Records from a dataset:
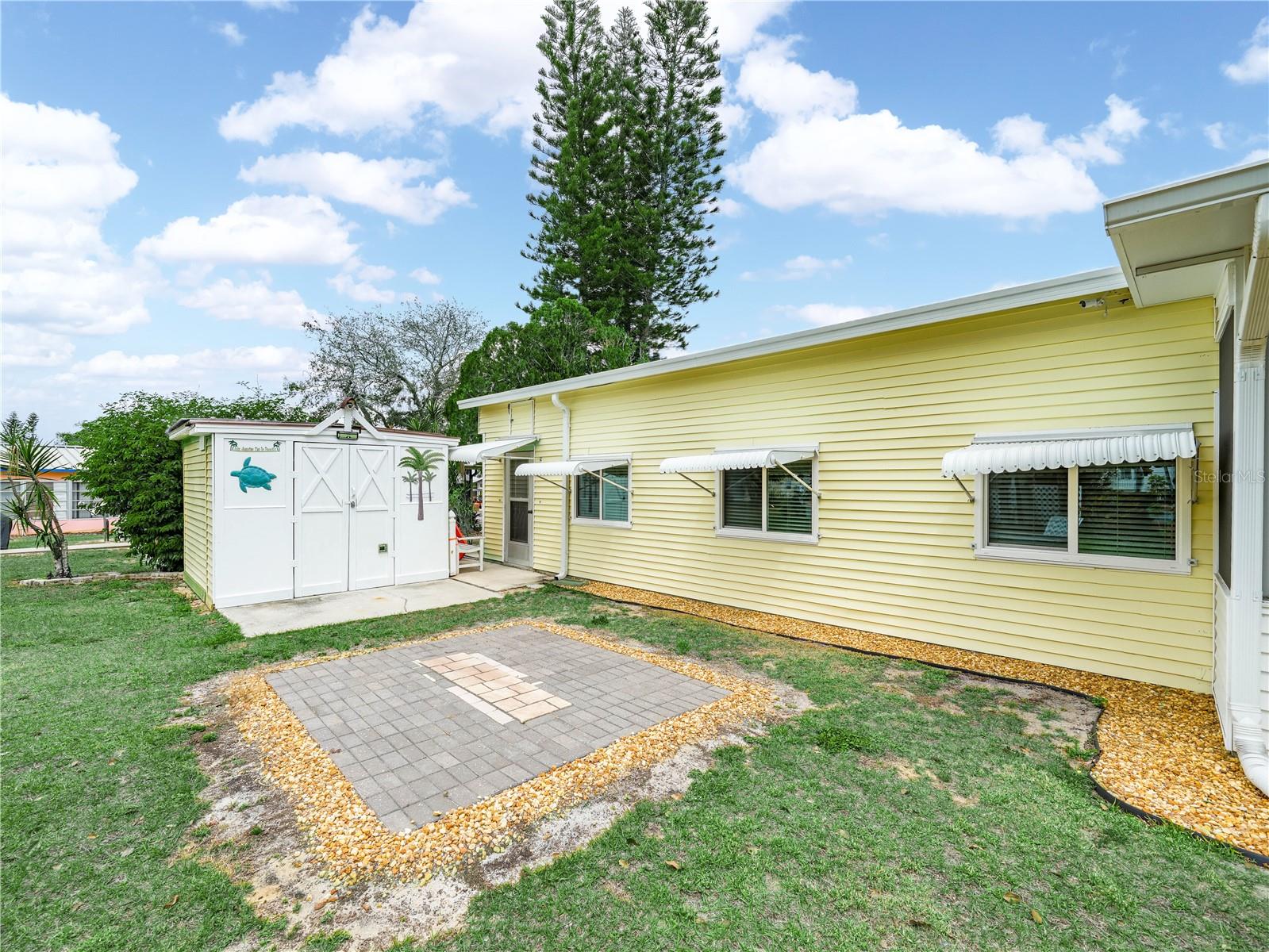 SADDLEBAG LAKE - Residential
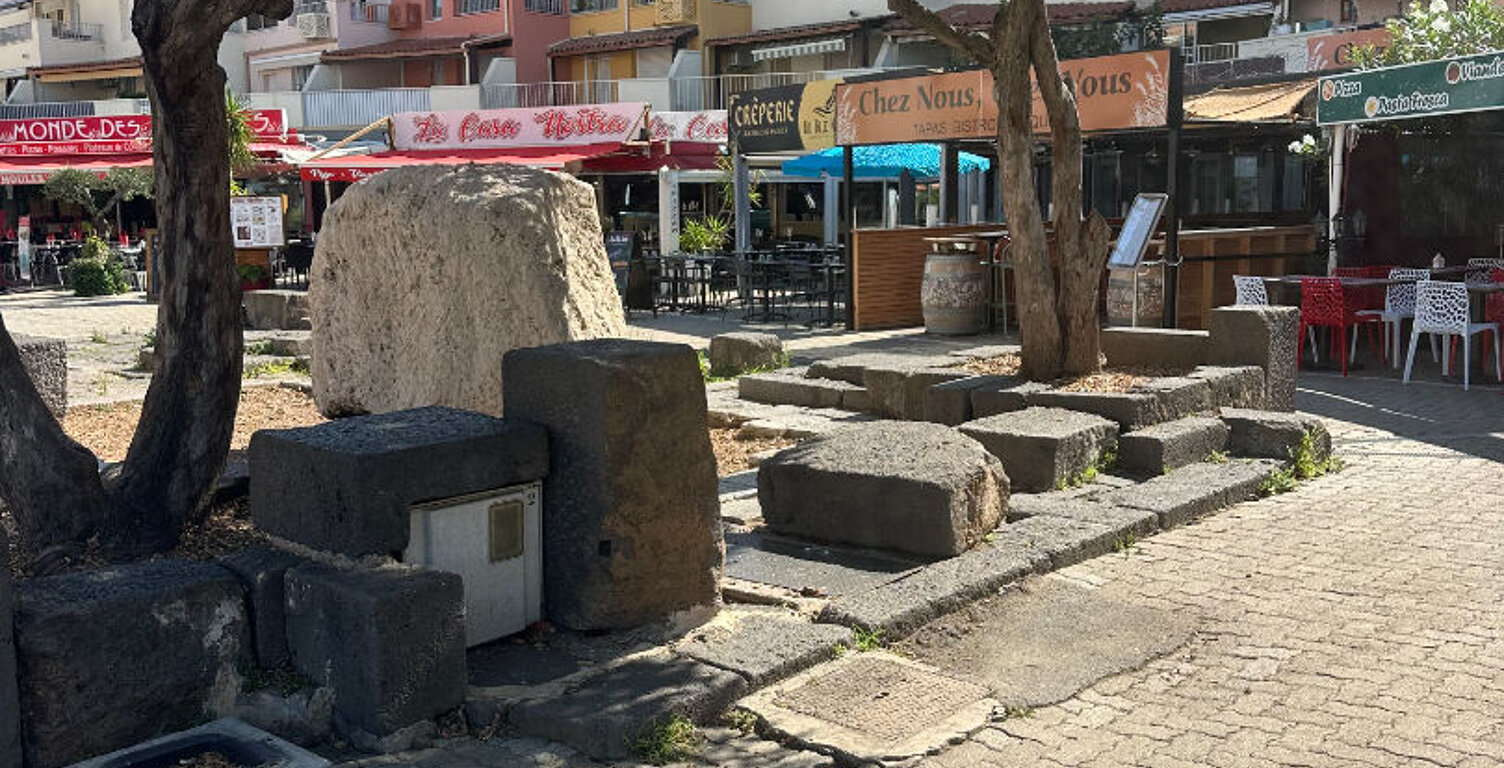 MURS COMMERCIAUX DE CREPERIE AVEC TERRASSE AU CAP D'AGDE — photo 1
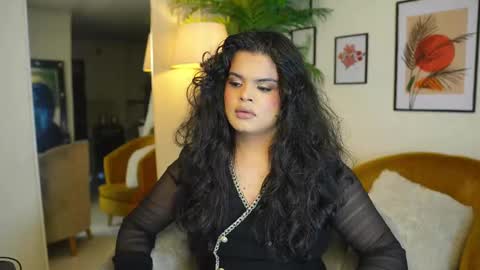 Chloe  online show from 19, 2, 2025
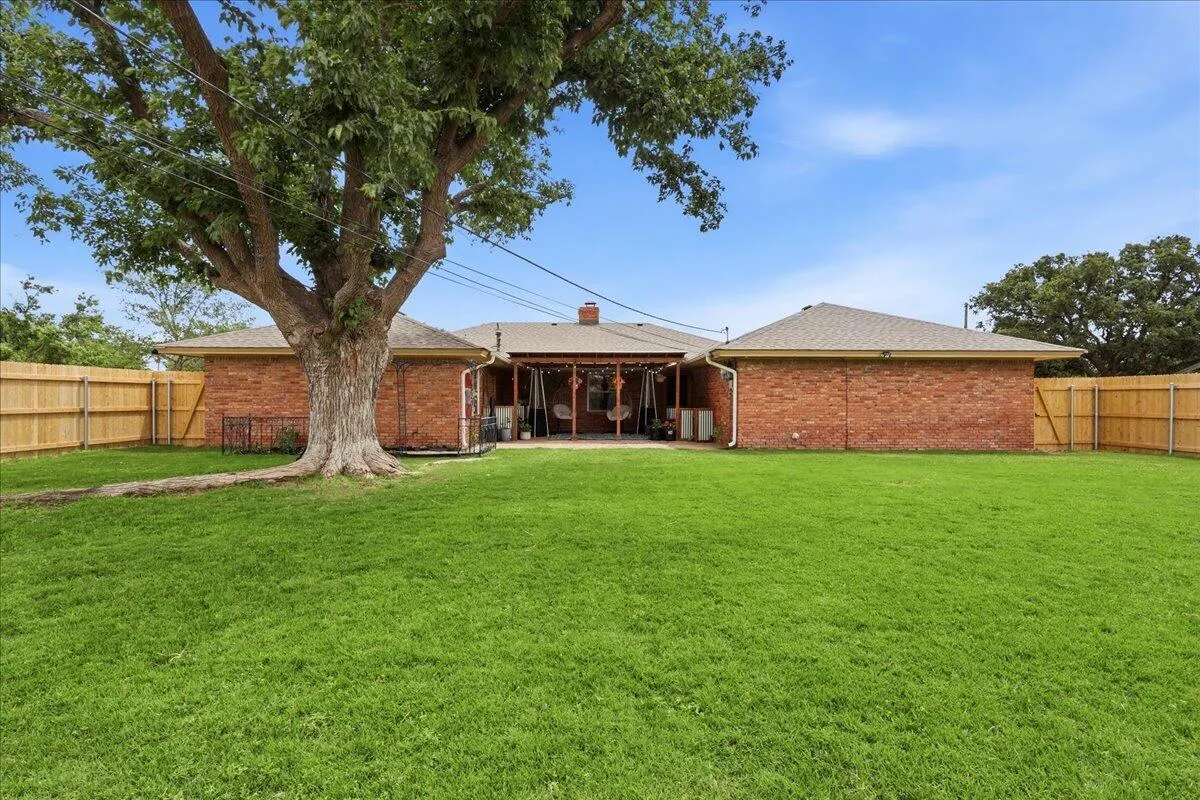 Photo 32 — 1401 Avenue N, Ralls, TX 79357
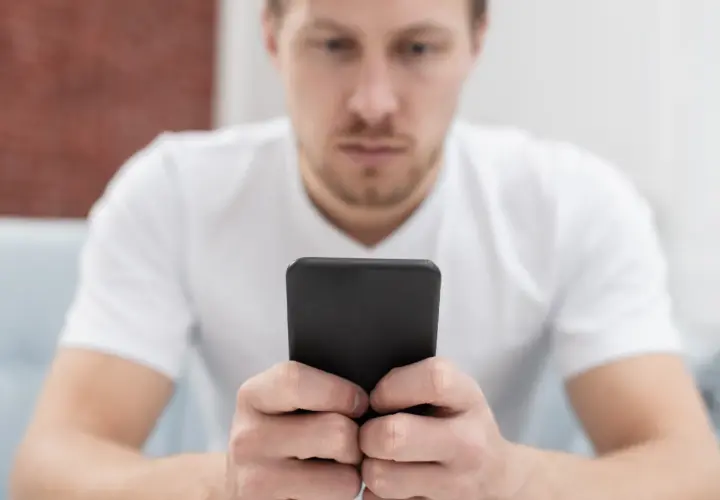 Los penaltis digitales en el móvil: en el navegador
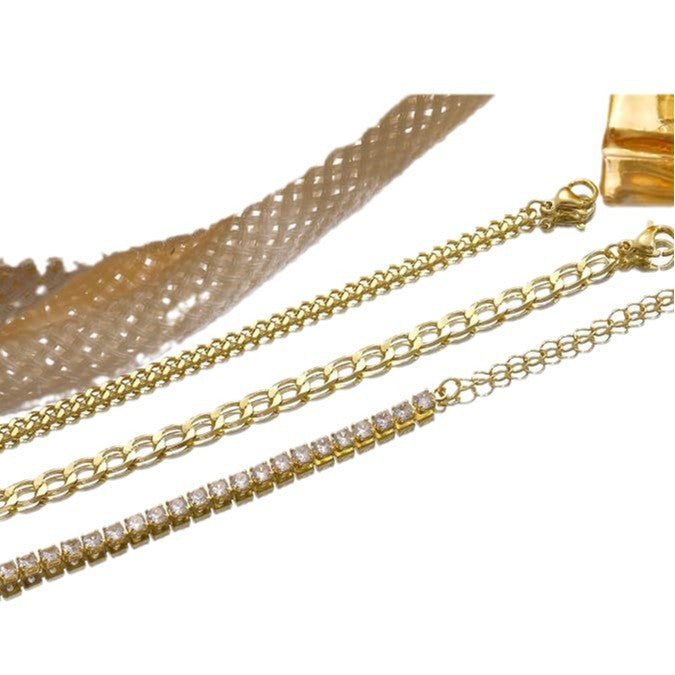 Damen Armband aus funkelnden Zirkonia-Steinen und robustem Kettendesign Shop Nory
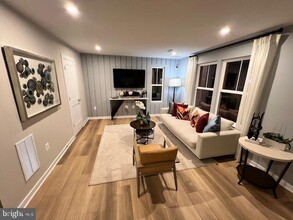 24135 Pissarro Dr in Sterling, VA - Building Photo - Building Photo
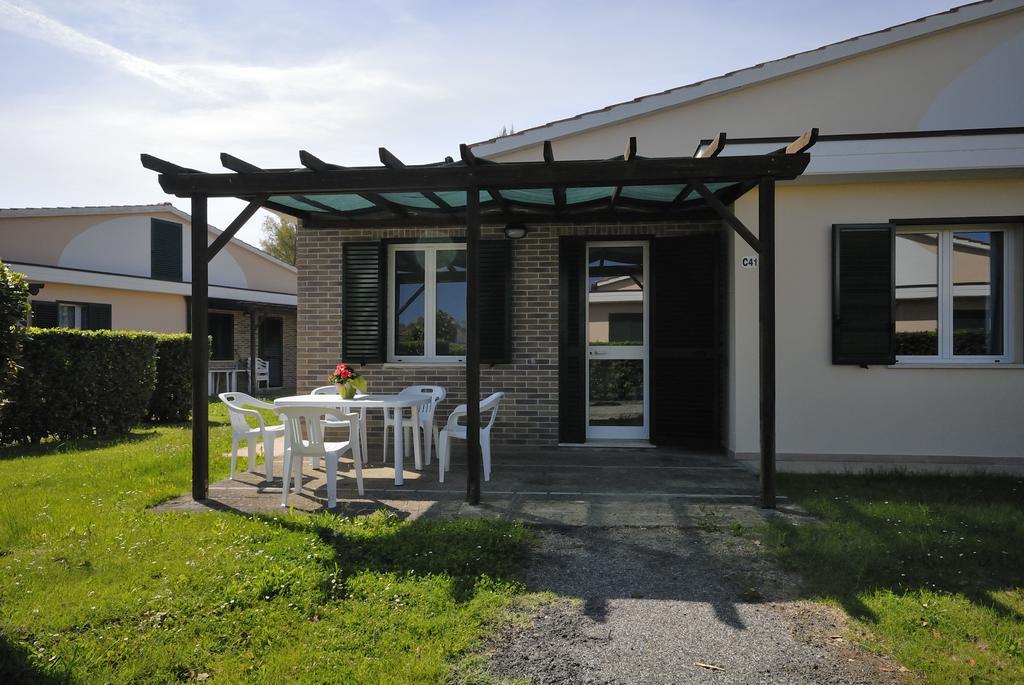 Villaggio Turistico La Cecinella Marina di Cecina Exterior photo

● Your assignment
Only exact duplicates of the lines from the one containing "Los penaltis digitales" through the final line of the entries, both included, are needed, with pictures left out.

● Written solution
 Los penaltis digitales en el móvil: en el navegador
 Damen Armband aus funkelnden Zirkonia-Steinen und robustem Kettendesign Shop Nory
 24135 Pissarro Dr in Sterling, VA - Building Photo - Building Photo
 Villaggio Turistico La Cecinella Marina di Cecina Exterior photo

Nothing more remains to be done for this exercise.